From 1900-1976, the North of Grand neighborhood had its own fire house, then known as Station #12, at 535 40th St.
It’s now home to a private business, but a discreet “12” historic marker signifies that this two-story brick building had another life. For 75 years, this was the site of the neighborhood fire station. The Des Moines Fire Department opened Fire Station #12 in 1901, years before many homes in the neighborhood were built. Jim Mason, former assistant fire chief, said it was a single house, meaning it had one engine or pumper with a three-man crew per shift. This undated photo provide by Mason shows a crew outside the firehouse, looking north with the Alta Casa apartments (built in 1927).
The station closed in 1976 as part of a wave of closures or consolidations throughout Des Moines. On Oct. 18, 1976, Pat Murray, then assistant fire chief, wrote the last daily journal entry for the firehouse: “Station Closed — Men transferred to other stations — New 5 opened.” Since then, the folks at Fire Station #5 have provided emergency assistance.
If not for the work of several people, the building would long ago have been razed.
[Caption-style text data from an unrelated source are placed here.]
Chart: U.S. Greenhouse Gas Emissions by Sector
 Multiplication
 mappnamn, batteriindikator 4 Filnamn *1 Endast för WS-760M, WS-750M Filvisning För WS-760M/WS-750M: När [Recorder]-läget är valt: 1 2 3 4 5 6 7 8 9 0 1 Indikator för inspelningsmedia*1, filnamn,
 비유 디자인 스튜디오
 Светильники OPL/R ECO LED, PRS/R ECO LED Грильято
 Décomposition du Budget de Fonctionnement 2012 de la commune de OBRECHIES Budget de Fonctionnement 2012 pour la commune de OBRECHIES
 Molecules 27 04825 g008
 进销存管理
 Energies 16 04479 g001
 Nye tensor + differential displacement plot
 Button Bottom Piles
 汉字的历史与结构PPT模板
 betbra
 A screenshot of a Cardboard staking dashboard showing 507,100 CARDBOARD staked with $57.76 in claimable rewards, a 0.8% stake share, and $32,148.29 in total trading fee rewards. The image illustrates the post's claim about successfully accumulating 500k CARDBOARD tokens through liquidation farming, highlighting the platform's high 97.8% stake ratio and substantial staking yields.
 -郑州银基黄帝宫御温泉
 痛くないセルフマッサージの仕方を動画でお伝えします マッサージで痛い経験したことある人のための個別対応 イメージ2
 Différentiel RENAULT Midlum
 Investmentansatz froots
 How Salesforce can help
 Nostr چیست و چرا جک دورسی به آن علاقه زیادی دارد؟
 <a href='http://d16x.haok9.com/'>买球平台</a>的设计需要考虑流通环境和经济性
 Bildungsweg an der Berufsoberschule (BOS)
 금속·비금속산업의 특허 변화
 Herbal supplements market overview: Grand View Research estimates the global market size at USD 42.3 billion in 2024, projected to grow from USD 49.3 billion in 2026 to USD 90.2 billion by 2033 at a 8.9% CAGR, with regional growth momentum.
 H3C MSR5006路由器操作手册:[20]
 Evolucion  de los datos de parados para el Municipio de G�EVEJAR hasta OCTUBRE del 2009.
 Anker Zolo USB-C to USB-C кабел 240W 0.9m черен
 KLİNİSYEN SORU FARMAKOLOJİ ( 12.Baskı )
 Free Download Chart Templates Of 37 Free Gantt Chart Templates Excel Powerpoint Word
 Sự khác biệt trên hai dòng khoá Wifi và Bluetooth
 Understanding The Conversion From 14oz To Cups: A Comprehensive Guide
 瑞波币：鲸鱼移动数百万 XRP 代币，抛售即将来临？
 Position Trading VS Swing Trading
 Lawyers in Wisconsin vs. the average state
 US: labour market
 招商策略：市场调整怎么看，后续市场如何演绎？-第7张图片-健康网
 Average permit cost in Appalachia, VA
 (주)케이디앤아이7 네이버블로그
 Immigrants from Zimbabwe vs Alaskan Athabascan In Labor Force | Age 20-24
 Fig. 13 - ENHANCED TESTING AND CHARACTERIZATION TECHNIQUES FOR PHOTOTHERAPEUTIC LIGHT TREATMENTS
It was Dr. Dennis Lowman and his partners at Oral Surgeons P.C., who purchased the firehouse when others wanted to tear it down to expand their parking. The firehouse sat vacant for over a decade, and the structure began to deteriorate. Around 1990, Dr. Carithers bought the property and spent $500,000 restoring it. In the waiting room today, the original brass fire pole and fire gong remain, as well as an 10-foot-wide arched stained-glass window above the reception desk. Dr. Carithers said the window, found in the attic, was originally in the arch of the front doorway. In 1994, local architect Bryan Shiffler was recognized for rehabilitation of the fire house by the City of Des Moines Excellence in Historic Preservation Awards Commercial/Institutional Exterior Adaptive Reuse.